> _What to produce_: Copy out the entries below exactly as they stand, but only from the line containing "Tiempo después, la" through the line containing "Two-Bedroom Family Suite".

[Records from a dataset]
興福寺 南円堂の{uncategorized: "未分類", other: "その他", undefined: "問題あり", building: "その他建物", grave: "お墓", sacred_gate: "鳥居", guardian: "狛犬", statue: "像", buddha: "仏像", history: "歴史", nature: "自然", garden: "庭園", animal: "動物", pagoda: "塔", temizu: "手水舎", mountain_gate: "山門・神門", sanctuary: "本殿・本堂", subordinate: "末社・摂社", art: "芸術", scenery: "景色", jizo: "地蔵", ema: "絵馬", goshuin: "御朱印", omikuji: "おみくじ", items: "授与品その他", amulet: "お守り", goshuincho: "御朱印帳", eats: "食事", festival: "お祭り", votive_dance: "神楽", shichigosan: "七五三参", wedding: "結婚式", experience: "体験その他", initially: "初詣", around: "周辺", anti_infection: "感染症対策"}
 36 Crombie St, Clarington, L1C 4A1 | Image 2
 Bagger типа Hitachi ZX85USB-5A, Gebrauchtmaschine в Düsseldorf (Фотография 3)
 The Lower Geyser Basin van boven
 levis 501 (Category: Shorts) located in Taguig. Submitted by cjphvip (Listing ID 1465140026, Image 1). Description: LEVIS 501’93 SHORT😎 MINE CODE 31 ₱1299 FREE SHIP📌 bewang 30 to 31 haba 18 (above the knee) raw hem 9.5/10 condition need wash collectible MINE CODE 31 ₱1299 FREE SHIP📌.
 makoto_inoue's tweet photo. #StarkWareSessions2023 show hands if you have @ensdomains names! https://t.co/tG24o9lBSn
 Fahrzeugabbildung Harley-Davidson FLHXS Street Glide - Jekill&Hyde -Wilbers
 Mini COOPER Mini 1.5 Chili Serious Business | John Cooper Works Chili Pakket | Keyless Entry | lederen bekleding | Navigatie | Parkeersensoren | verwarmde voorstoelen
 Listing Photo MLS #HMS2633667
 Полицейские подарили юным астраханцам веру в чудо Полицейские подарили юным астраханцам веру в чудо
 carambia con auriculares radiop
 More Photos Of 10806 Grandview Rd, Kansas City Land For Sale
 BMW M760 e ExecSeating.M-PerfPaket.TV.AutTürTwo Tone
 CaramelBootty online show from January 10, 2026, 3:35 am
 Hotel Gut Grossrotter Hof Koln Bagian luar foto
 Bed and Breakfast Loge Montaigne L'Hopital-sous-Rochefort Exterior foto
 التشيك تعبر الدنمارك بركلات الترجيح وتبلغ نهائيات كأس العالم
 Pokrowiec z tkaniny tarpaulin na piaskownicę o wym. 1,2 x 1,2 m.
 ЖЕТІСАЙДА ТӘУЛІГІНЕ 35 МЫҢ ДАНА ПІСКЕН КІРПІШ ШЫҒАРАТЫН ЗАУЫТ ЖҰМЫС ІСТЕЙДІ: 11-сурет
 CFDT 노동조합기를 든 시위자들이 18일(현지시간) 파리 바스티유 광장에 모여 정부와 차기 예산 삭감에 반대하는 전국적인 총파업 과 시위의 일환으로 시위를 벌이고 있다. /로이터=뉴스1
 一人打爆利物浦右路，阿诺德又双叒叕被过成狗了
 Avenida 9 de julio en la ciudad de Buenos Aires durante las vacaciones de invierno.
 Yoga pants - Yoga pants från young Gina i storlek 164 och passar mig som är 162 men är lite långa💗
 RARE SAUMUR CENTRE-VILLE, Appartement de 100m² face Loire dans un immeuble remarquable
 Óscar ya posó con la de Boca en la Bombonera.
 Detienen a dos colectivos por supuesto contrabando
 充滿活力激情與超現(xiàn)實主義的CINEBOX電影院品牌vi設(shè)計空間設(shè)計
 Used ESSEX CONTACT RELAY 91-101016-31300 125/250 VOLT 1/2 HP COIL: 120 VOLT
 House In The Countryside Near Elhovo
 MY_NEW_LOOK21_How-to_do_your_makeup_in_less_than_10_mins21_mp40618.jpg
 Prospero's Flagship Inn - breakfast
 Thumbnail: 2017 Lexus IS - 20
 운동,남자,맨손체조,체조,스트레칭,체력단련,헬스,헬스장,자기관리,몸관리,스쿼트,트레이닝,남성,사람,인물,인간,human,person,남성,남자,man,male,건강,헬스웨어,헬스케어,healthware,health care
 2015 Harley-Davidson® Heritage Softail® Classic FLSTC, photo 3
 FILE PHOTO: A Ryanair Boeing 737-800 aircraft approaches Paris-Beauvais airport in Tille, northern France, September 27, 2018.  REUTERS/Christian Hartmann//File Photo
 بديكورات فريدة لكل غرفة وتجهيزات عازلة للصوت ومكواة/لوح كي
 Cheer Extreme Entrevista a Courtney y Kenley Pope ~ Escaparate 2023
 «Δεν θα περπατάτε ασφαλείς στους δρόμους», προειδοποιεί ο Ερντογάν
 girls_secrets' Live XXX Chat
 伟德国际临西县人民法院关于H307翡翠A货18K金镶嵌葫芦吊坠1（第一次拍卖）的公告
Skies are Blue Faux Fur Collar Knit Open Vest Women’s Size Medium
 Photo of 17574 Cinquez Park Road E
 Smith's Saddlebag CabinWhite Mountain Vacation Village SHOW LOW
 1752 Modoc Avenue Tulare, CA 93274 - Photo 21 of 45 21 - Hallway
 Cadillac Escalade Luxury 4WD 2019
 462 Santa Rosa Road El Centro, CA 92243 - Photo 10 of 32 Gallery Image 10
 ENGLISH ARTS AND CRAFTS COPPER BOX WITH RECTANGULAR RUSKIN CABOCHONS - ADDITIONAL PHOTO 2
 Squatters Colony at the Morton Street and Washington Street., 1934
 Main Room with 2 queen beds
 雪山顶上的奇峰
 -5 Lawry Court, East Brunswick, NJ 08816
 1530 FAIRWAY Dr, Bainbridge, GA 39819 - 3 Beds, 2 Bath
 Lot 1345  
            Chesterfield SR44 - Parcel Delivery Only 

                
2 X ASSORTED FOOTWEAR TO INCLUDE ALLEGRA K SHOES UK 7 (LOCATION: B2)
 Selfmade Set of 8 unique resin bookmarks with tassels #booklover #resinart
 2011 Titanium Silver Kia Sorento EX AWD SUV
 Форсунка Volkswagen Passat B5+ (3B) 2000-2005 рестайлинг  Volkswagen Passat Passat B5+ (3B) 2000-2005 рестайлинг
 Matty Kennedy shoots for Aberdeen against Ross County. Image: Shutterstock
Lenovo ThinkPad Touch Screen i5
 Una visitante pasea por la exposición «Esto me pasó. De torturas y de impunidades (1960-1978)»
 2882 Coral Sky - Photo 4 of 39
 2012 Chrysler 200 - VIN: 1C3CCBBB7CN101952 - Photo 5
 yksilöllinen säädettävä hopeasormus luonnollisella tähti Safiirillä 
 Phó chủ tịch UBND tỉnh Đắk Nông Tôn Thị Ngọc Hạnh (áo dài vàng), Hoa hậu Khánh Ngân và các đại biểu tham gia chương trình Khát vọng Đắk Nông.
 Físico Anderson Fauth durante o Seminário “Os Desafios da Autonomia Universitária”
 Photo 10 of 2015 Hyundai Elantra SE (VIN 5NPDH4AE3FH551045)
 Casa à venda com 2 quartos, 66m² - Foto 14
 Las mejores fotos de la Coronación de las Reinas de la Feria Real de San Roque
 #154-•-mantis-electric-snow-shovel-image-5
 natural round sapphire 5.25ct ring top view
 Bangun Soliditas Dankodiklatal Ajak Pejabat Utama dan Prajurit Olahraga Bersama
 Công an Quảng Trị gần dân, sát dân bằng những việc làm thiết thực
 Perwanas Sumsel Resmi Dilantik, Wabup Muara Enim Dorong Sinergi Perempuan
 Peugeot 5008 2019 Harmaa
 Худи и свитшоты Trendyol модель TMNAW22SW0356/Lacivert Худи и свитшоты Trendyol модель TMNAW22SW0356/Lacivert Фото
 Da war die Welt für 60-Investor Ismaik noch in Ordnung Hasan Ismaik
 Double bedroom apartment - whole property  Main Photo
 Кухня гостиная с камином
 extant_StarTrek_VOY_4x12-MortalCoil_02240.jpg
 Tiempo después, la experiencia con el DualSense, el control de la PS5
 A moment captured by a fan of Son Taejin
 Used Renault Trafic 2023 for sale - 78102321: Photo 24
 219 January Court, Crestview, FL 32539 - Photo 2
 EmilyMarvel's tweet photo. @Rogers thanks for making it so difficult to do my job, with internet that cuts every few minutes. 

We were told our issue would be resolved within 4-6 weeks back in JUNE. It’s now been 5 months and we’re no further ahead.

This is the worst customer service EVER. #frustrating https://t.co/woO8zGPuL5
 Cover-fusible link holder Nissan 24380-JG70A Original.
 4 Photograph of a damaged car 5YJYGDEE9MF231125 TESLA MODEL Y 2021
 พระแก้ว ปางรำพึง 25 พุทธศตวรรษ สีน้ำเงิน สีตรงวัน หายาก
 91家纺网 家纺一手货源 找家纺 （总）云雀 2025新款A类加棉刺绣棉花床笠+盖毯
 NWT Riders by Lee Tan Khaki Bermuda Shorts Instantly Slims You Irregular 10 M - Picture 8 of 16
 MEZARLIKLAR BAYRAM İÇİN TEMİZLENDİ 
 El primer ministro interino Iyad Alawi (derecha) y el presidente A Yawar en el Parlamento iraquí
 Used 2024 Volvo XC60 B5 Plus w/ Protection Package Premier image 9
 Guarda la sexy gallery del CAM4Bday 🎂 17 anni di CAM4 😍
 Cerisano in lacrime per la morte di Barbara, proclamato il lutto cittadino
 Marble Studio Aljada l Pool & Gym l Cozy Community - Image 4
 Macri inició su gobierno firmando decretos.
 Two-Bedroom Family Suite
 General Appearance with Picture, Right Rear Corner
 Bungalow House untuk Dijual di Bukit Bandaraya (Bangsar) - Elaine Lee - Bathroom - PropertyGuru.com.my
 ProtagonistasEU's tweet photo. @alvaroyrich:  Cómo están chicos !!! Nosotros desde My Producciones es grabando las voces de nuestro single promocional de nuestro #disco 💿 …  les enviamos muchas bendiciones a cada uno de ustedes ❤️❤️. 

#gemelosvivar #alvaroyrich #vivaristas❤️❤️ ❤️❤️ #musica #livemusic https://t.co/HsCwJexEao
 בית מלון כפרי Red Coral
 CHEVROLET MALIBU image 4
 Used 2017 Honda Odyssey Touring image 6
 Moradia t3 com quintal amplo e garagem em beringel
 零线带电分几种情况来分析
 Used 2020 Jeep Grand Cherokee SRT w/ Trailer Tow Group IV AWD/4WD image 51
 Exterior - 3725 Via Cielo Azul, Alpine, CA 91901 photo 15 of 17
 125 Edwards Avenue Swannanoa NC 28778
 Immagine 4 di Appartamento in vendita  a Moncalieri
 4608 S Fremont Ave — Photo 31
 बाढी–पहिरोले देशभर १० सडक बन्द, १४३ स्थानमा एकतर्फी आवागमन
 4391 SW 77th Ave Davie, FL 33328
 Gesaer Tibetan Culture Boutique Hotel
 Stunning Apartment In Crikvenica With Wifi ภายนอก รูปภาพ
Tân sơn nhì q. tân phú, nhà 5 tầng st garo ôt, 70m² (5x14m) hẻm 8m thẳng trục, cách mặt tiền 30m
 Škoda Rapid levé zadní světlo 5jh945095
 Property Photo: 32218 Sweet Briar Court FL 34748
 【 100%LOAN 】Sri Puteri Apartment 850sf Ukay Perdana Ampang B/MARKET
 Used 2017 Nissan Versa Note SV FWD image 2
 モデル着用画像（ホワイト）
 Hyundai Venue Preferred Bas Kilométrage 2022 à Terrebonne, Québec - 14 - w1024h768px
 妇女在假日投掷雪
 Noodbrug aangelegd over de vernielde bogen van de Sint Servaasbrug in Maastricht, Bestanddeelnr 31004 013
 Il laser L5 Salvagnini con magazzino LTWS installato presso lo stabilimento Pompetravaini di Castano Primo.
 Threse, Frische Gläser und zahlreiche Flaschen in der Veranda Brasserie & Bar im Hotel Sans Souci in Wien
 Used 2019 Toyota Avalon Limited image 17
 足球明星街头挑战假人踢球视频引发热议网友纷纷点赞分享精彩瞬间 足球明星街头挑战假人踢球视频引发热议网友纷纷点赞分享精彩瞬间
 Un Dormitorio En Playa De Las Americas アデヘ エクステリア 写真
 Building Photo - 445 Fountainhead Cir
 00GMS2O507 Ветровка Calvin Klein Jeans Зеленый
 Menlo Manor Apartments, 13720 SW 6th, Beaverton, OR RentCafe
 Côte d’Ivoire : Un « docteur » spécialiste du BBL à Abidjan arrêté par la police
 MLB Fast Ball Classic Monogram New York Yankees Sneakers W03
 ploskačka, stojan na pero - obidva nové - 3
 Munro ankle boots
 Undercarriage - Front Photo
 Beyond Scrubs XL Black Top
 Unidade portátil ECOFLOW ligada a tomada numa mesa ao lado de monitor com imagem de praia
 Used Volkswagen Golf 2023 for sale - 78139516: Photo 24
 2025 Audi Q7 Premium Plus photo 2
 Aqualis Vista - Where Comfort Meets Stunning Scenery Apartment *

> _Problem solution_:
 Tiempo después, la experiencia con el DualSense, el control de la PS5
 A moment captured by a fan of Son Taejin
 Used Renault Trafic 2023 for sale - 78102321: Photo 24
 219 January Court, Crestview, FL 32539 - Photo 2
 EmilyMarvel's tweet photo. @Rogers thanks for making it so difficult to do my job, with internet that cuts every few minutes. 

We were told our issue would be resolved within 4-6 weeks back in JUNE. It’s now been 5 months and we’re no further ahead.

This is the worst customer service EVER. #frustrating https://t.co/woO8zGPuL5
 Cover-fusible link holder Nissan 24380-JG70A Original.
 4 Photograph of a damaged car 5YJYGDEE9MF231125 TESLA MODEL Y 2021
 พระแก้ว ปางรำพึง 25 พุทธศตวรรษ สีน้ำเงิน สีตรงวัน หายาก
 91家纺网 家纺一手货源 找家纺 （总）云雀 2025新款A类加棉刺绣棉花床笠+盖毯
 NWT Riders by Lee Tan Khaki Bermuda Shorts Instantly Slims You Irregular 10 M - Picture 8 of 16
 MEZARLIKLAR BAYRAM İÇİN TEMİZLENDİ 
 El primer ministro interino Iyad Alawi (derecha) y el presidente A Yawar en el Parlamento iraquí
 Used 2024 Volvo XC60 B5 Plus w/ Protection Package Premier image 9
 Guarda la sexy gallery del CAM4Bday 🎂 17 anni di CAM4 😍
 Cerisano in lacrime per la morte di Barbara, proclamato il lutto cittadino
 Marble Studio Aljada l Pool & Gym l Cozy Community - Image 4
 Macri inició su gobierno firmando decretos.
 Two-Bedroom Family Suite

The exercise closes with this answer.